Over the last few years confidence in the U.S. job market has improved according the 2012 General Social Survey, which has been monitoring and studying social change in America since 1972.Time notes that 54 percent of respondents to the survey said that it would be somewhat or very easy to find a job if they lost theirs, up from 46 percent in 2010.
As increasing numbers believe that it would be easy to find a new job they are less likely to stay in a position where they’re unhappy. In some cases this leads to “extreme quitters” who choose to exit with a bang. Like the hotel employee who told his story of resigning with the help of a celebratory marching band on Work Wars a recent episode of ABC’s 20/20. While this former room-service waiter landed on his feet in most cases telling the boss off won’t work in your favor. As a rule it’s much better to be remembered in a good way.
Always remember the golden rule of leaving any employer: Don’t burn bridges. Michelle Tillis Lederman author of The 11 Laws of Likability says, “Now is not the time to say all the things that you have built up. You never know when your paths will cross again.”
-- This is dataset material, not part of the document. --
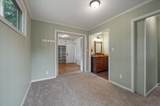 1930 Fruitwood Avenue - Photo 34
Jesse Lyn Stoner co-author of Full Steam Ahead: Unleash the Power of Vision agrees. ” If asked why you’re leaving, be clear, be straight, be descriptive. You are more credible when you share information and facts. Don’t dump a lot of emotional baggage, accusations, or generalities that can’t be verified.”
Be sure to give your employer enough notice so he or she is not left hanging. Whatever your relationship give your boss the courtesy of telling him or her before your coworkers. You don’t want the boss to hear that you’re leaving through the rumor mill.
Donna Ballman, employment attorney and author of Stand Up For Yourself Without Getting Firedrecommends safeguarding your future. “Review any agreements you signed before you quit. Make sure you don’t have anything like a noncompete or nonsolicitation agreement that will limit or prevent you from taking your new job.” She also suggests waiting to quit until after you’ve received any commissions or bonuses if possible as your employer will likely look for any excuse not to pay you.
It’s also important to protect yourself against potential accusations. “Don’t copy or email yourself a bunch of company documents before you leave. Your employer might accuse you of stealing trade secrets or of violating any confidentiality agreement you may have signed, even if you didn’t. Especially avoid sending yourself client lists, pricing information and other information that might have value to a competitor.”
Don’t slack off after you’ve given notice. Seeing it through until the end will help you feel good about yourself when you walk out the door for the last time says Stoner. Lederman agrees suggesting that you go beyond helping with the transition and offer to be available even after your two week’s notice.
No matter what the circumstances you want to leave your current employer on a good note. Stoner says, “It’s not just about ‘not burning bridges’ and making sure you get a good recommendation, but more importantly about who you are and how you feel about yourself. It’s important to leave with your own dignity intact.”